EL ASESINATO DEL CHE Y LA DERROTA MORAL DEL CAPITALISMO

(Por Oscar Castelnovo/APL) El 8 de octubre de 1967, en una quebrada perdida de Bolivia, Ernesto “Che” Guevara fue herido en combate, capturado y llevado a la escuelita de La Higuera. No murió peleando. Murió prisionero, herido, encadenado a una cama, ejecutado por orden política. Esa diferencia —morir en combate o ser asesinado— marca la frontera entre una muerte de guerra y un crimen de Estado.
Durante décadas, la versión oficial del gobierno boliviano, respaldada por Estados Unidos, sostuvo que había sido “abatido en enfrentamiento”. Pero los documentos, testimonios y hasta las confesiones del propio sargento Mario Terán desmienten esa mentira. Guevara fue fusilado cuando ya estaba indefenso, sin armas, después de haber sido interrogado. Le dispararon primero en las piernas y los brazos, para simular heridas de combate, y finalmente en el pecho. Su cuerpo fue expuesto a la prensa y luego desaparecido. Le cortaron las manos para tomar las huellas dactilares. El crimen fue encubierto con la teatralidad del poder que teme al ejemplo.
Matar al Che fue una decisión política. No se trataba de eliminar a un hombre, sino de borrar una posibilidad de futuro para los pueblos. Un juicio público lo habría convertido en tribuna contra el imperialismo. Por eso lo ejecutaron: para impedirle hablar. Pero la historia es caprichosa. A veces la sangre derramada se vuelve tinta y la voz silenciada se vuelve símbolo.
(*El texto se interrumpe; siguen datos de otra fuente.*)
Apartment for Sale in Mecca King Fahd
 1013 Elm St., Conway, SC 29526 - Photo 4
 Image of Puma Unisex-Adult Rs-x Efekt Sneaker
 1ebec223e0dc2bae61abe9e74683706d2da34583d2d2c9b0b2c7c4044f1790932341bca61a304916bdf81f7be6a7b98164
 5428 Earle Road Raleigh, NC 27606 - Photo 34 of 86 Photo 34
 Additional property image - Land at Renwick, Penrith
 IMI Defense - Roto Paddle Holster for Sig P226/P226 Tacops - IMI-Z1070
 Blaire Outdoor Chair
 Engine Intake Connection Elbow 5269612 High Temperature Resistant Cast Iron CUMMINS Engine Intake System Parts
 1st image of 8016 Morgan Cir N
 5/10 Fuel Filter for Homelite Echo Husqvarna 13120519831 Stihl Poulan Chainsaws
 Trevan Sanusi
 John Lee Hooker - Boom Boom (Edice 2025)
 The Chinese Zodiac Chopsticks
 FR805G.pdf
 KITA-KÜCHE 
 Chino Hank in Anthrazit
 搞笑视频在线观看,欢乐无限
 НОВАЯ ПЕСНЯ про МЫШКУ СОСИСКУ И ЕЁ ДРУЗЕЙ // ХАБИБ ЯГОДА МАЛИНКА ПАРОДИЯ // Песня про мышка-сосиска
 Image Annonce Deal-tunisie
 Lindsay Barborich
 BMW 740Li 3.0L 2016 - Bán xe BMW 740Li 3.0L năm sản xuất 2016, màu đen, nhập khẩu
El fracaso moral del capitalismo
La vigencia del pensamiento del Che radica en que su crítica al capitalismo no fue solo económica, sino también axiológica. Él entendía que el sistema podía producir riquezas, pero jamás distribuirlas con justicia. Lo que denunciaba no era su ineficiencia, sino su brutalidad moral. El capitalismo, decía, enseña a competir, no a compartir; a consumir, no a crear; a sobrevivir, no a vivir.

Hoy, medio siglo después, su diagnóstico se confirma. El planeta se hunde entre la desigualdad, la precarización laboral, la migración forzada y la crisis ambiental. Ningún modelo de libre mercado ha logrado garantizar dignidad al cien por ciento de su población. La riqueza global se concentra en manos de pocos, mientras millones sobreviven en la periferia del hambre y la deuda esencialmente con el FMI.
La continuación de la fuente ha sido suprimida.